With the exception of the quad-core 4820K, IVB-E launch pricing is identical to what we saw with Sandy Bridge E almost two years ago. The 4820K is slightly cheaper than the highest end Haswell part, but it’s still $25 more expensive than its SNB-E counterpart was at launch. The difference? The 4820 is a K-SKU, meaning it’s fully unlocked, and thus comes with a small price premium.
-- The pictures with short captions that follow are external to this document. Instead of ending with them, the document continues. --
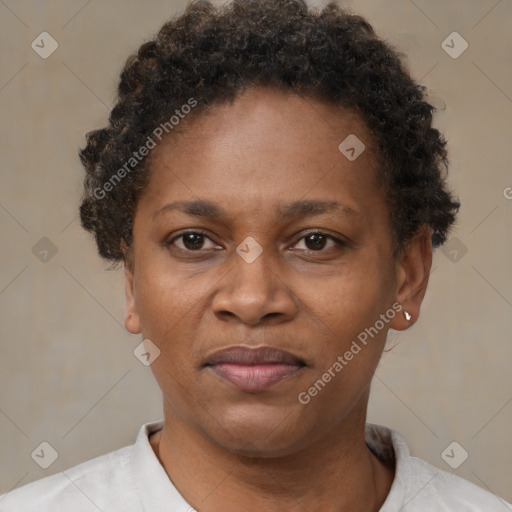 Joyful black adult female with short  brown hair and brown eyes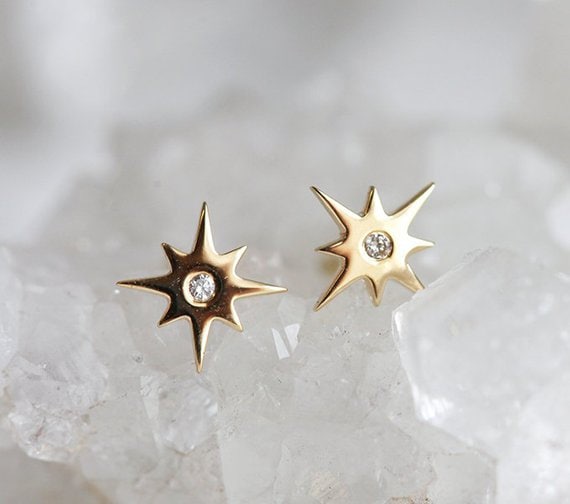 Diamond Earrings, Solid Gold Starburst Earrings, 14k Gold Star Studs, Celestial Cartilage Studs
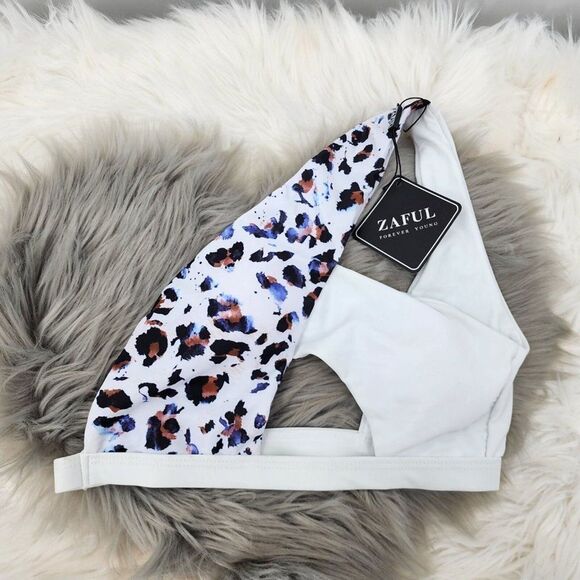 ZAFUL Leopard Print One Shoulder Bikini Top Size Small *NWT - Picture 1 of 3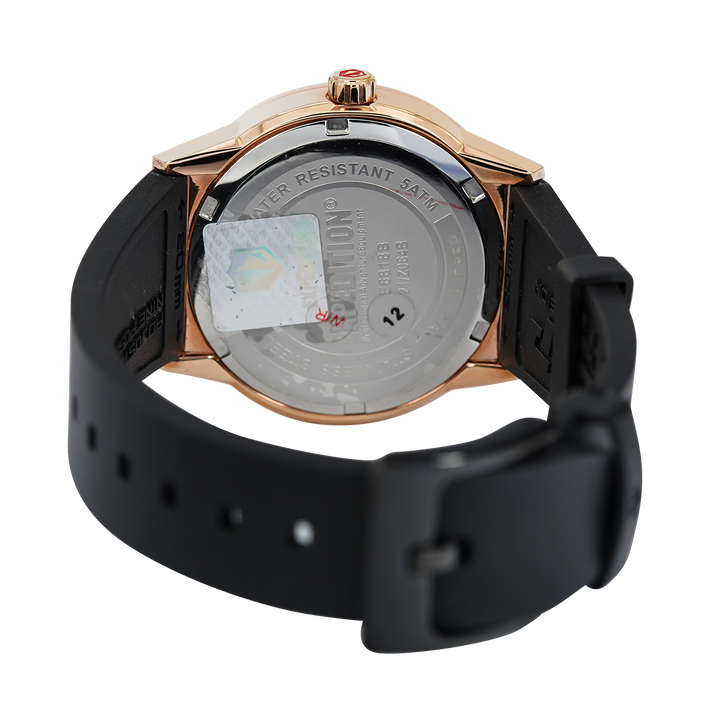 Jam Tangan Wanita Expedition E 6818 BFRRGLNBA Rose Gold Dial Black Rubber Strap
All of the IVB-E parts ship fully unlocked, and are generally capable of reaching the same turbo frequencies as their predecessors. The Core i7-4960X and the i7-3970X before it, are the only Intel CPUs officially rated for frequencies of up to 4GHz (although we’ve long been able to surpass that via overclocking). Just as before, none of these parts ship with any sort of cooling (because profit), you'll need to buy a heatsink/fan or closed loop water cooler separately. Intel does offer a new cooler for IVB-E, the TS13X:

While Sandy Bridge E was an 8-core die with two cores disabled, Ivy Bridge E shows up in a native 6-core version. There’s no die harvesting going on here, all of the transistors on the chip are fully functional. The result is a significant reduction in die area, from the insanity that was SNB-E’s 435mm2 down to an almost desktop-like 257mm2.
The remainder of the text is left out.